Our friendship continued and we saw each other dating others and traded stories with each other over 5 years. Quite unexpectedly, at least for me, there was suddenly a new spark between us. I wasn’t even sure at first if he was trying to date me. He claims I friend-zoned him and it just took time to work his way out of that zone. As we started dating, I quickly realized he was even more wonderful than I thought and we were likely very compatible. I saw very soon he was someone I could fall in love with and perhaps marry.


My insecurities became very loud. How could I compete with the mother of his children? How could I compare to someone who was dead and who was so deeply mourned and missed? How much could I be truly loved if that love only grew because of tragedy? I’m also extremely competitive and want to be the best, be number one, be best loved. Could I be happy knowing I wasn’t his one and only?

As I wrestled with these questions and doubts, wanting to make a decision before I was in too deep, I received a gentle hope-filled impression. The words whispered into my heart were, “If you want to love them (Rich and his two sons), you have to love her (his first wife, Jill).”

As I thought on this, I realized that building a relationship with Rich that I hoped would grow into marriage, my focus should not be how much he loved me, if he loved me best, or if it was more than his first wife. I should focus on how much I could grow to love him and those he loved. While his wife was no longer living, Rich and his boys and who they are were deeply intertwined with her and who she was. Their love for her did not die with her.  I saw that I should not be afraid of her memory, but should embrace and encourage it. I wanted to seek to know about her as much as I did Rich and his family and those that were still living.

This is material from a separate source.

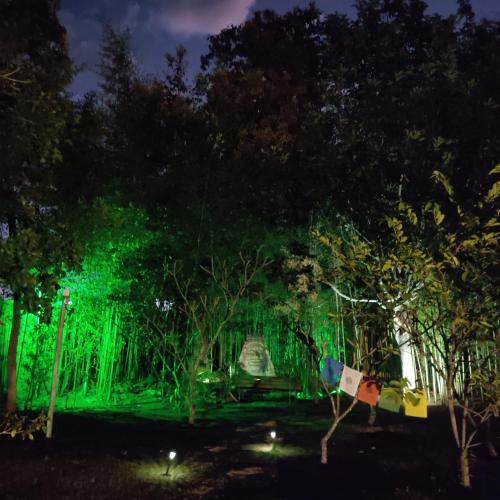 a park with green lights in the trees at night at Pousada Alfa e Ômega in Alto Paraíso de Goiás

I saw that I should not be afraid of her memory, but should embrace and encourage it.

As we dated, I was often filled with compassion and empathy for her. Not only had Rich lost his wife and his sons their mother, but she had also lost a longer life lived with them. She had lost the ability to be a physical presence to love and care for them. I would think of what I would want if I were the one who had died and another woman was coming into my family. I would want her to be kind and willing to remember me. I would want her to keep ties with my family. Thinking of these things, being best loved or the one and only seemed even more insignificant. 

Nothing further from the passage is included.